- _Data_:

= = =

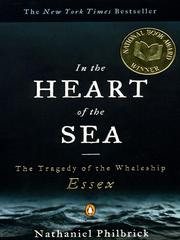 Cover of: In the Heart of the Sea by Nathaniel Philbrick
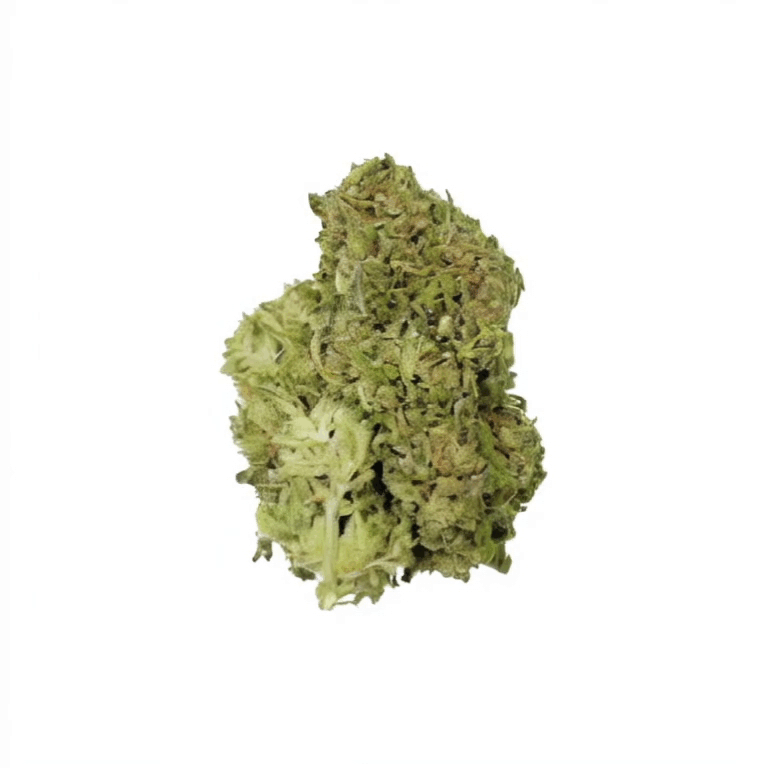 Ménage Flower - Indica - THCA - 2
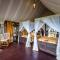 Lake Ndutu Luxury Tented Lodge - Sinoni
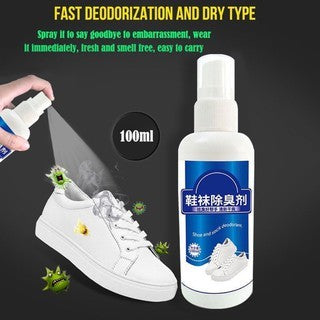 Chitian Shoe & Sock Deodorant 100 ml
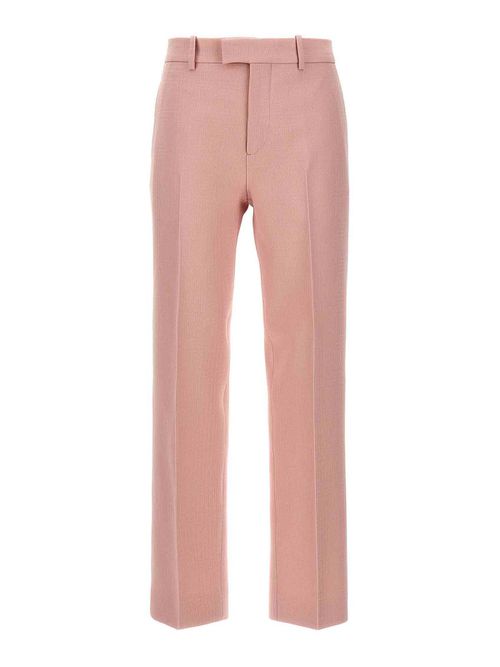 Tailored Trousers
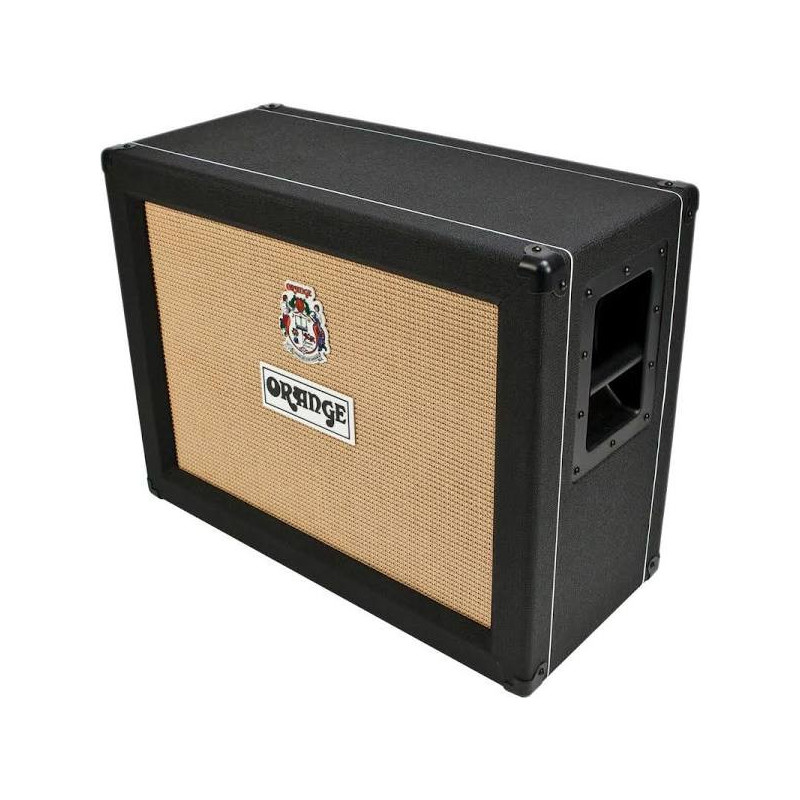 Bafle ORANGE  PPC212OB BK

= = =

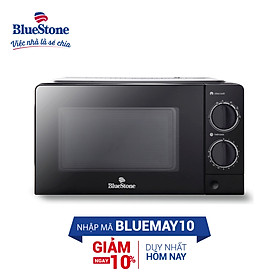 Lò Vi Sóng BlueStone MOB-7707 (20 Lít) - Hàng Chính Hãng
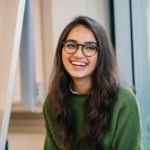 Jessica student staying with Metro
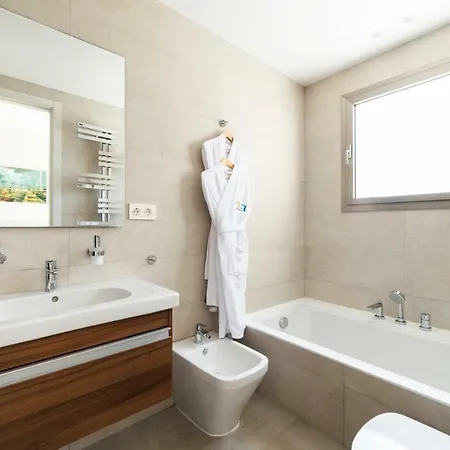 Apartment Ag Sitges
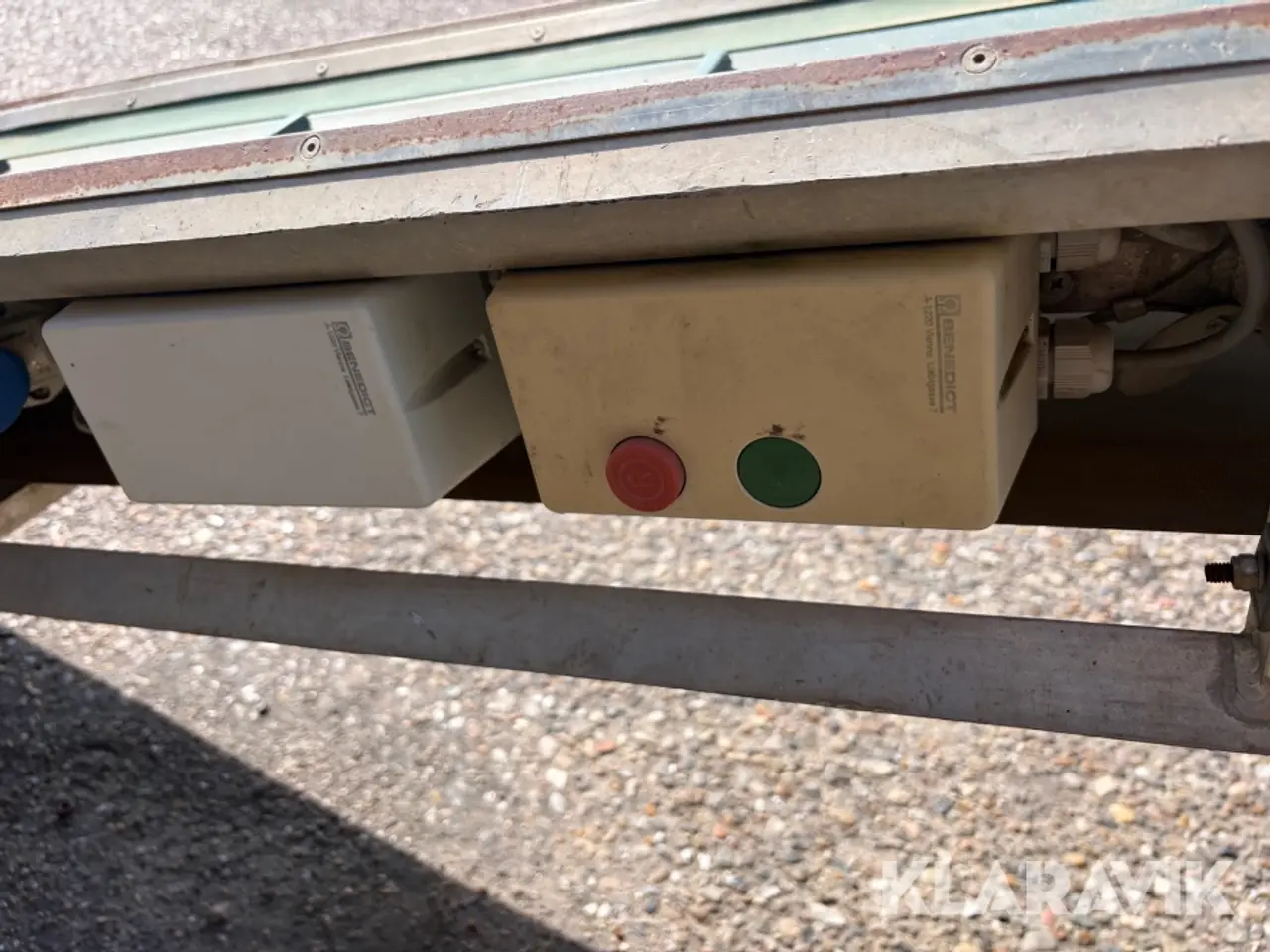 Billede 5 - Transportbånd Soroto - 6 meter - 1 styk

= = =

- _Work task_: Return only the part above that opens with the line containing "Apartment Ag Sitges" and closes with the line containing "Billede 5 - Transportbånd", exactly and with both ends, skipping the pictures.

- _Response to this task_:
 Apartment Ag Sitges
 Billede 5 - Transportbånd Soroto - 6 meter - 1 styk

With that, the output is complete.